As for the the role of the trade, Griffin said travel agents provide clients with expertise and knowledge in a world that’s full of information overload.
“Typically, Canadians when they come to Ireland they stay for 10 nights and they spend a lot. They’re high-end visitors and they invest a lot in their holiday and they want to know what they’re getting is top-notch,” he said. “People want to have quality experiences, they want to have special experiences and I think that’s where the agents come in, and give people those guarantees and give people their expertise. In a world with so much information coming at you, it’s very hard to get that precise information on your own.”
As for why agents should sell Ireland and why operators should package it, he pointed to: “it’s easy to get to, it’s affordable, you’re getting a quality product, it’s highly reputable, and internationally, it’s recognized with award after award for being a premium tourism destination.”
All things Irish
Ireland’s Minister of State for Tourism and Sport, Brendan Griffin, TD, talks his favourite local haunts, drinks, and more.
Where are you from? I’m living on the Wild Atlantic Way. I’m from Kerry.
What’s your favourite spot in Ireland to visit? For me, the Dingle Peninsula.

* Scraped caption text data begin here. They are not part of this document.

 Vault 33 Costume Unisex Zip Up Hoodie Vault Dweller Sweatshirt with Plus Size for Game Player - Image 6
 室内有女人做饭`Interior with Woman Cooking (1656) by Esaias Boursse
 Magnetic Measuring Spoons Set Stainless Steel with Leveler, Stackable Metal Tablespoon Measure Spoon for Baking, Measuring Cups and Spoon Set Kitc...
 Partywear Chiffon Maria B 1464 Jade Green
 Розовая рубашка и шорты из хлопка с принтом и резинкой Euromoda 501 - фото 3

What about your favourite Irish dish or drink? You can’t beat a good pint of Guinness. So clichéd, but it is so good. And a grass-fed fillet steak from an Irish farm is just outstanding.
Share a favourite travel memory in Ireland: I would say visiting the Aran islands with my wife, back when we were students, 15 years ago. There’s a great fort, called Dún Aonghasa, an ancient stone fort and it’s right up to the cliffs, so if you crawl up there and look over, it’s fairly exhilarating. It’s 300 feet above the sea, and you’re looking down over the sea, it’s amazing.
What’s something you like to do in your neck of the woods? I love standing on the beach of Inch in January when the waves are thundering in, and just feeling alive, and feeling the water in your face. It’s brilliant. I prefer it personally to the months of June or July. Many people like to walk along the water when the sun is setting.
What do you think surprises people most upon visiting Ireland? The food is a surprise for a lot of people. I think sometimes people think that maybe food in Ireland isn’t world-class. Bear in mind, we’re an island nation with a huge tradition of fishing, so we have fresh fish all around the country. On plates sometimes the same day as it’s caught. People are pleasantly surprised when they walk into a restaurant, and they see that the steak they’re getting that night is from the farm of John Murphy, grass-fed steak from a mile out of the village. Organic, home-produced food is very evident on menus now all over Ireland, not just the top restaurants, but right through the country.
Anything else? I think that as well, just the scenery. People see it online, but it’s only when they’re standing on the Giant’s Causeway – it’s not quite the same until you’re actually there in person. People 9/10 times will tell me they’re blown away.